Posted by Victor Montour | | filed under:
May 26, 2016 03:02 PM

For centuries, music has been known to calm people down and provide relief from stress and tension. Neuroscientists, now equipped with brain scanning technology, have a renewed interest in finding how music affects our neural circuits.

Researchers in Finland using magnetic resonance imaging (fMRI) found that music listening recruits not only the auditory areas of the brain, but also employs large-scale neural networks. For instance, they discovered that the processing of musical pulses recruits motor areas in the brain, supporting the idea that music and movement are closely intertwined.

Limbic areas of the brain, known to be associated with emotions, were found to be involved in rhythm and tonality processing. Music can be powerful in many ways, like reducing agitation and improve behavioral issues that are common in the middle-stages of Alzheimer’s.

In the late-stages of Alzheimer's, a person may be able to tap a beat or sing lyrics to a song from childhood. Researchers have found that music provides a way to connect, even after verbal communication has become difficult or absent.

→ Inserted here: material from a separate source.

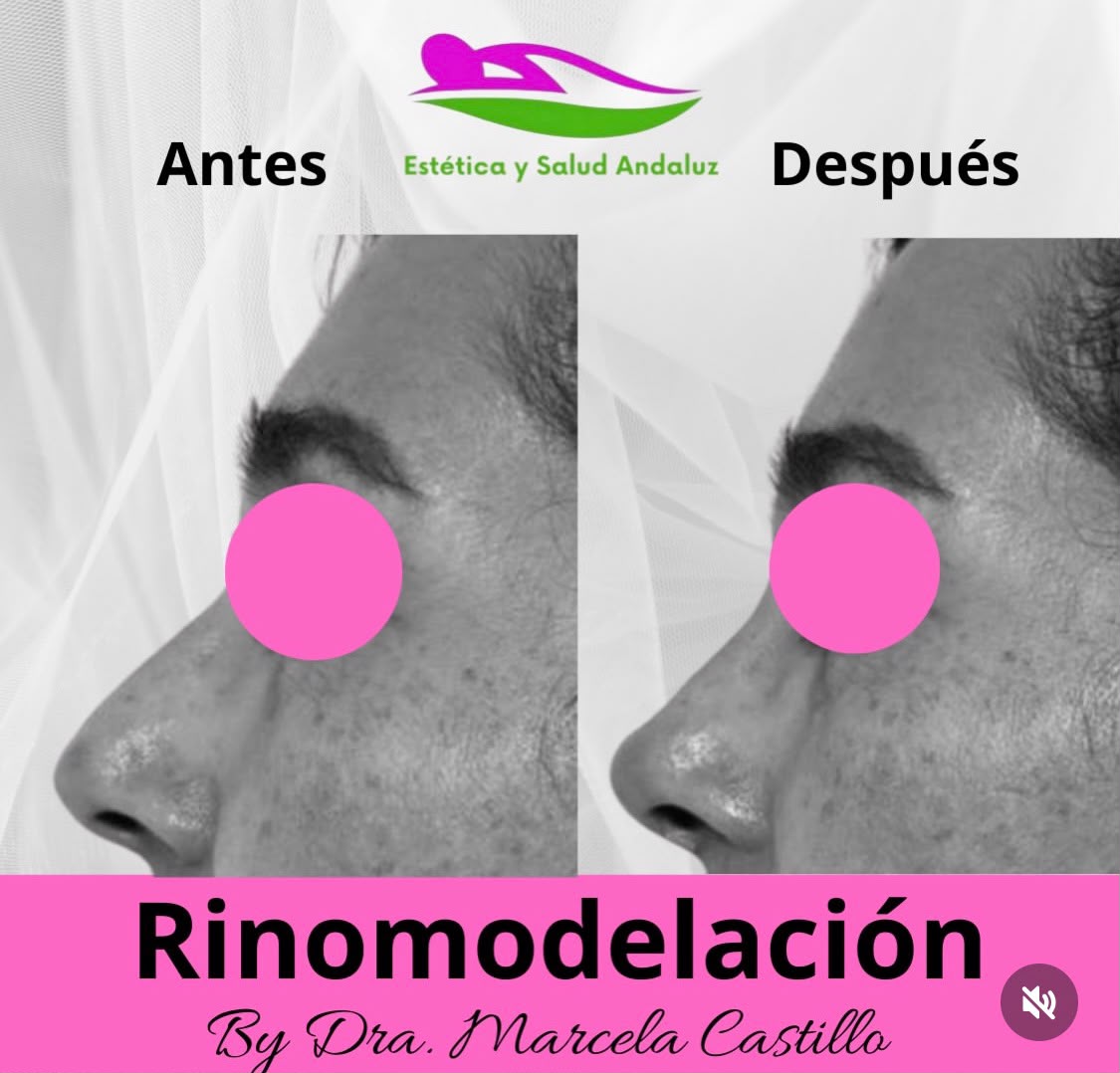 Después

A few tips when selecting music for a person with Alzheimer’s /dementia:

  • Identify music that’s familiar and enjoyable to the person. If possible, let the person choose the music.
  • Choose a source of music that isn't interrupted by commercials, which can cause confusion.
  • Use music to create the mood you want. For example, a tranquil piece of music can help create a calm environment, while a faster paced song from someone's childhood may boost spirit and evoke happy memories.
  • Encourage movement (clapping, dancing) to add to the enjoyment.
  • Avoid sensory overload; eliminate competing noises by shutting windows and doors and by turning off the television. Make sure the volume of the music is not too loud
  • Think ahead: make playlists of different kinds of songs for different kinds of mood.